(Dataset content Opens)
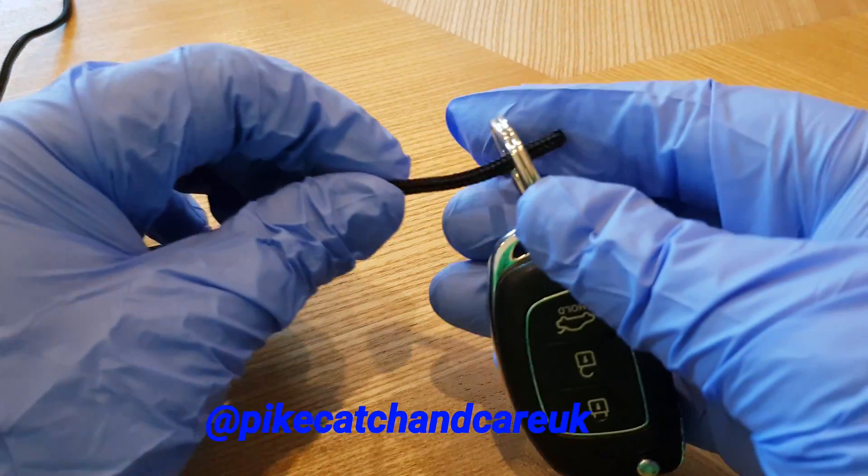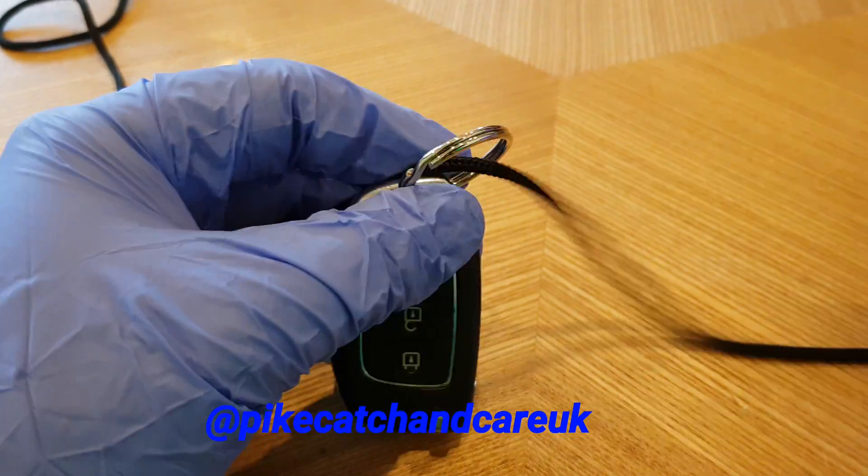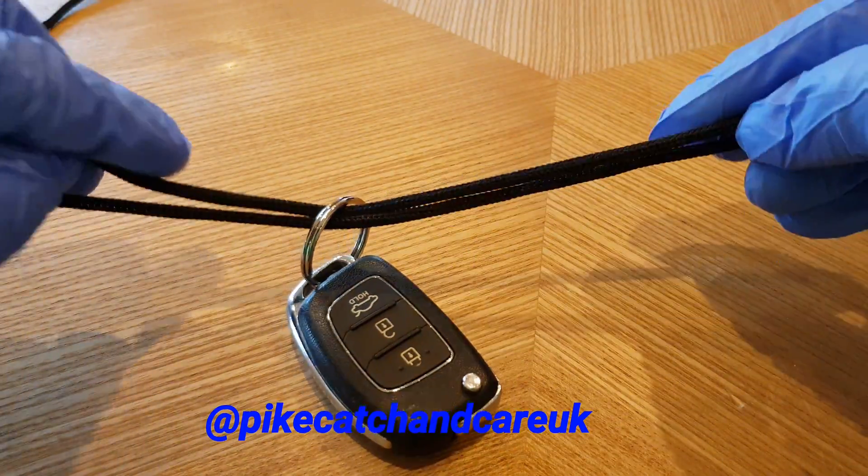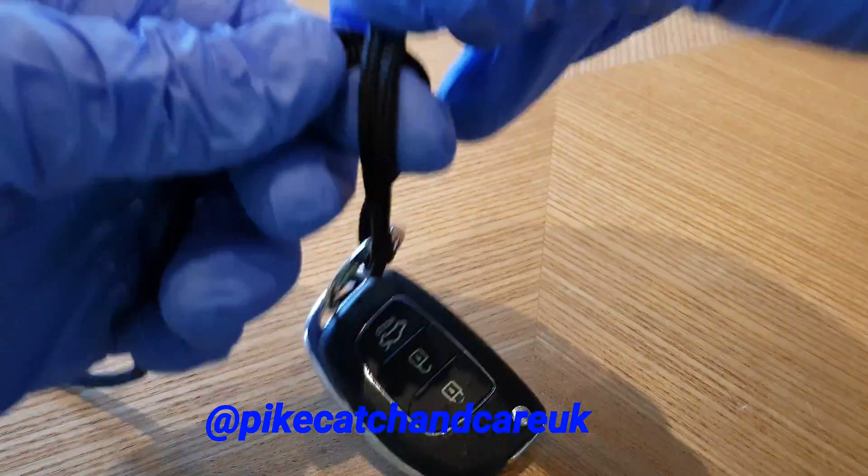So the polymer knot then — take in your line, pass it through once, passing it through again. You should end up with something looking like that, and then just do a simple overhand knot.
(Dataset content Closes)
(Dataset content Opens)
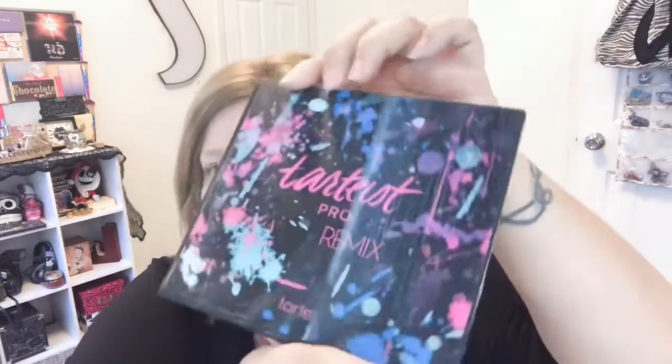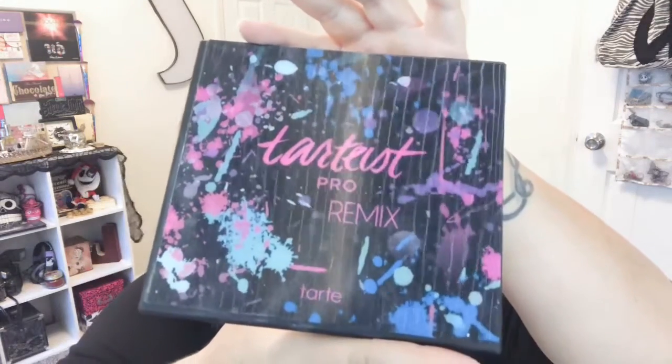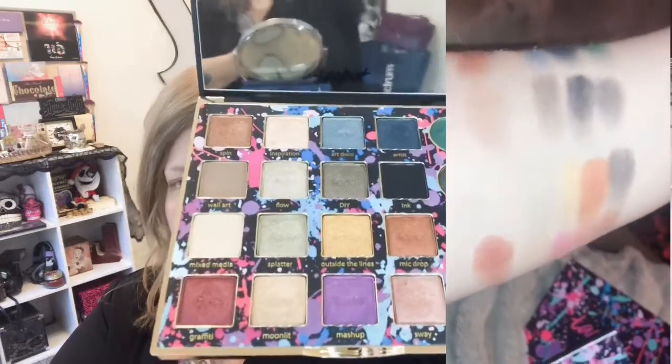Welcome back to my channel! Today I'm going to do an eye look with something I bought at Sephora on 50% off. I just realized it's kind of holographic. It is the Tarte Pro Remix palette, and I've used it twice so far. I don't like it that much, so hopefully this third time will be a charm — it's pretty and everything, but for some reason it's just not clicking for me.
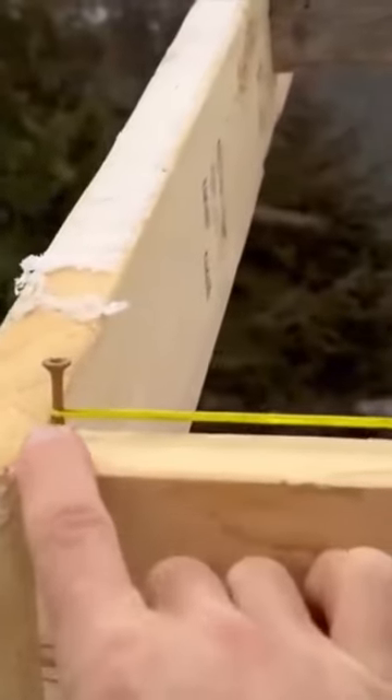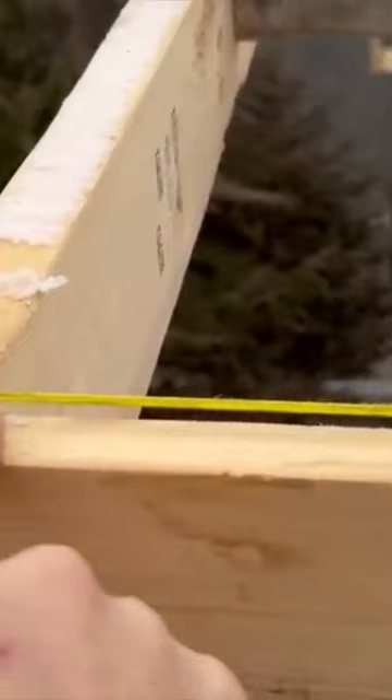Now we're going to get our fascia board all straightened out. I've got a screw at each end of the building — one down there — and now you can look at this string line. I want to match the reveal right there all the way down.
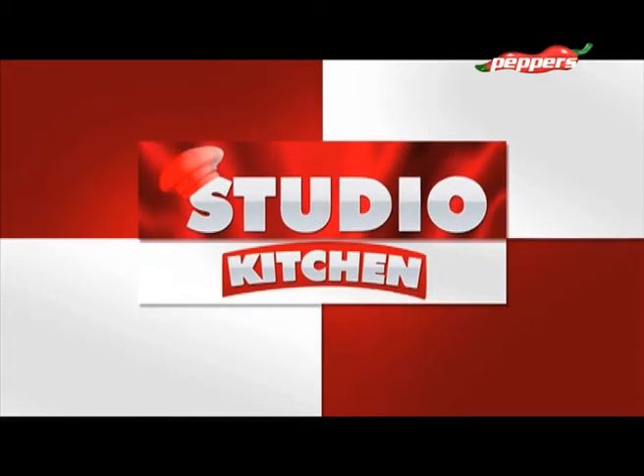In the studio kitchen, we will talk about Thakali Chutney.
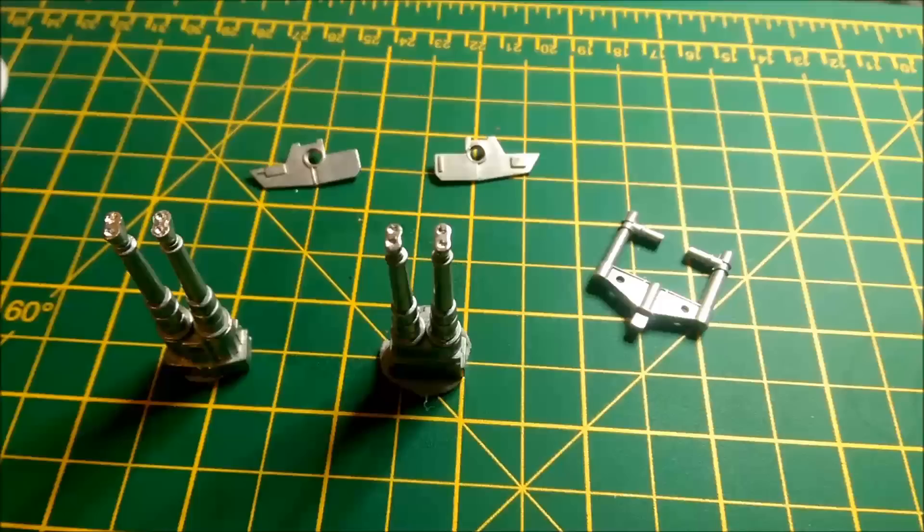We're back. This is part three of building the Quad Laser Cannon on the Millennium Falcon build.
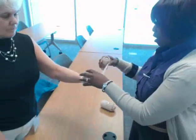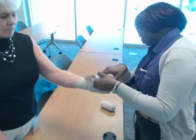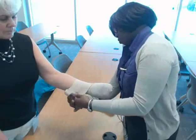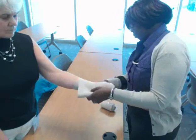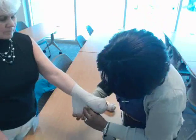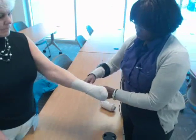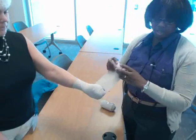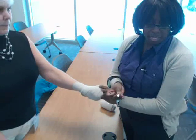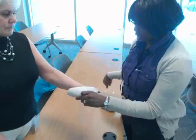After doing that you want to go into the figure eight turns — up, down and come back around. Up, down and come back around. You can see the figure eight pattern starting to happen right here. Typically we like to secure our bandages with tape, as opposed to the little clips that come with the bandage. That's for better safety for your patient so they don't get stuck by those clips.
(Dataset content Closes)
(Dataset content Opens)
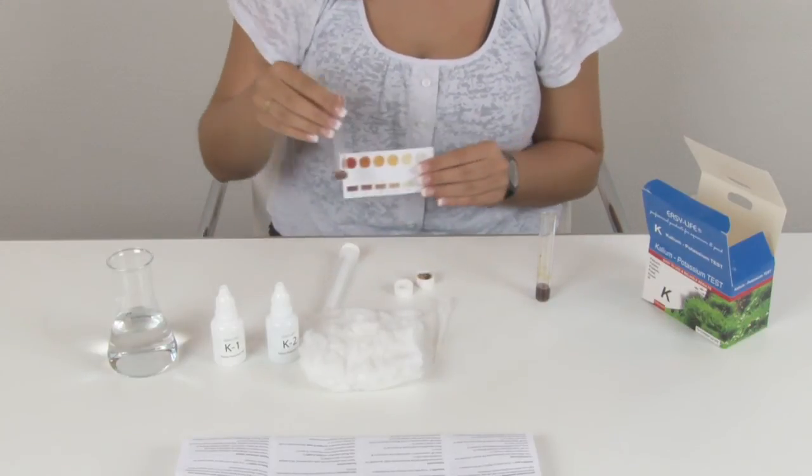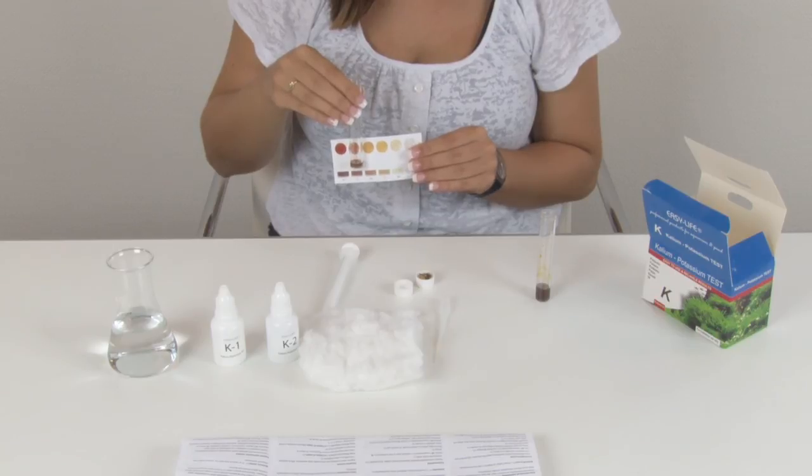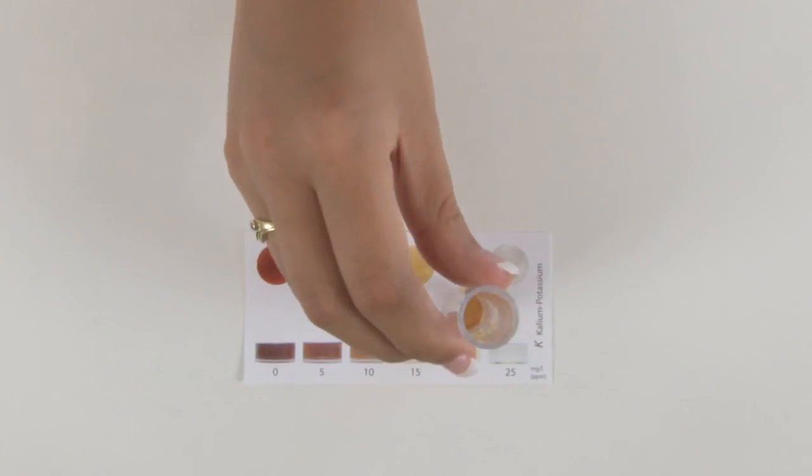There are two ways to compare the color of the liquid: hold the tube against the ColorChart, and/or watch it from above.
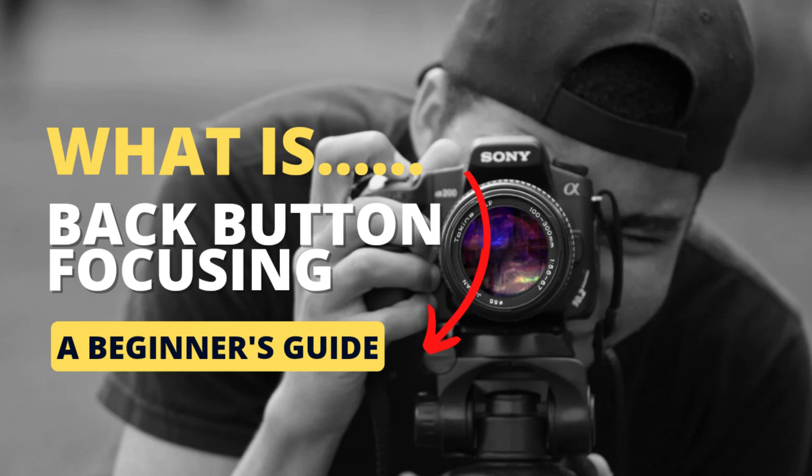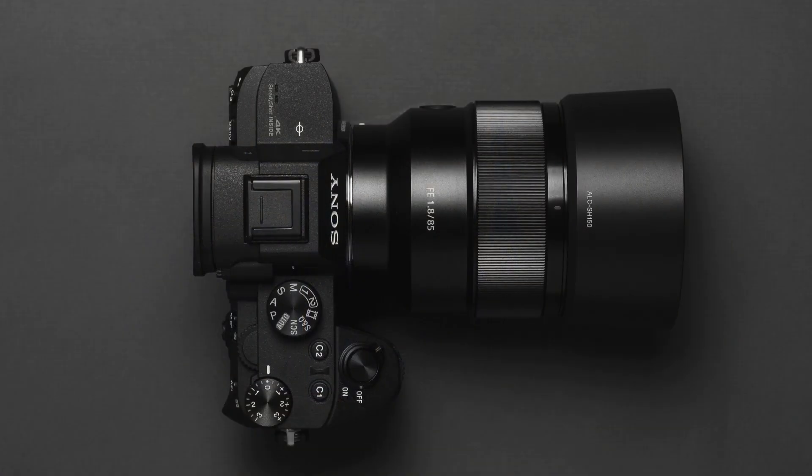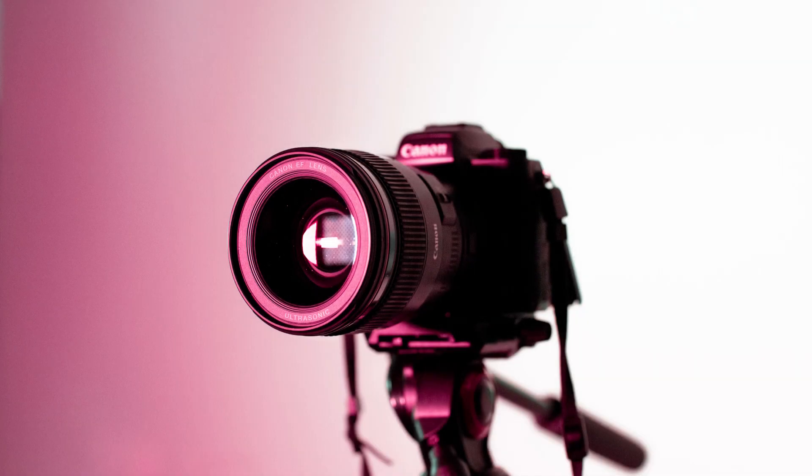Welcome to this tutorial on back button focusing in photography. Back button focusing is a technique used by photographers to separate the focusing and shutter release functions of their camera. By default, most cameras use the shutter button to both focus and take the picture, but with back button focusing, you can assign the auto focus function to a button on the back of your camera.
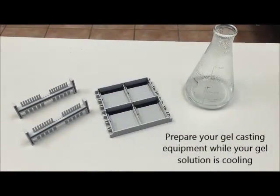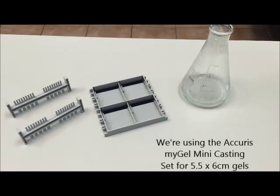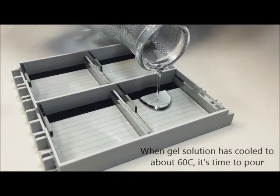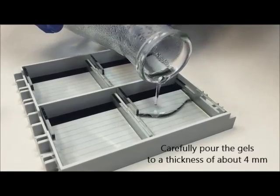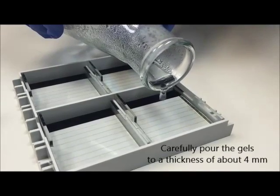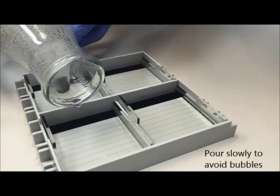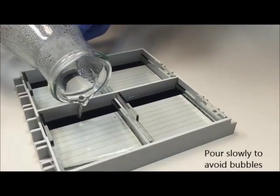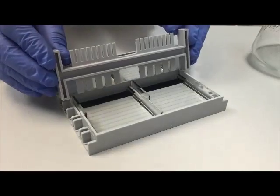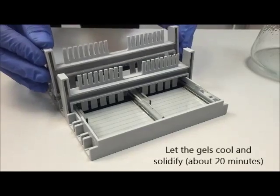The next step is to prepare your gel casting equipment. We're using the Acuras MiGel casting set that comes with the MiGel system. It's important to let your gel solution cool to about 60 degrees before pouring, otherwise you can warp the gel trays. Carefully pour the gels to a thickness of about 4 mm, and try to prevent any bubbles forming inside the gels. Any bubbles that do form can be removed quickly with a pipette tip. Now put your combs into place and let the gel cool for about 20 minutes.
(Dataset content Closes)
### Problem details
Return exactly the part of the listing above that opens with the line containing "Welcome to this" and closes with the line containing "The next step". Pictures stay out.

### Written answer
Welcome to this tutorial on back button focusing in photography. Back button focusing is a technique used by photographers to separate the focusing and shutter release functions of their camera. By default, most cameras use the shutter button to both focus and take the picture, but with back button focusing, you can assign the auto focus function to a button on the back of your camera.
The next step is to prepare your gel casting equipment. We're using the Acuras MiGel casting set that comes with the MiGel system. It's important to let your gel solution cool to about 60 degrees before pouring, otherwise you can warp the gel trays. Carefully pour the gels to a thickness of about 4 mm, and try to prevent any bubbles forming inside the gels. Any bubbles that do form can be removed quickly with a pipette tip. Now put your combs into place and let the gel cool for about 20 minutes.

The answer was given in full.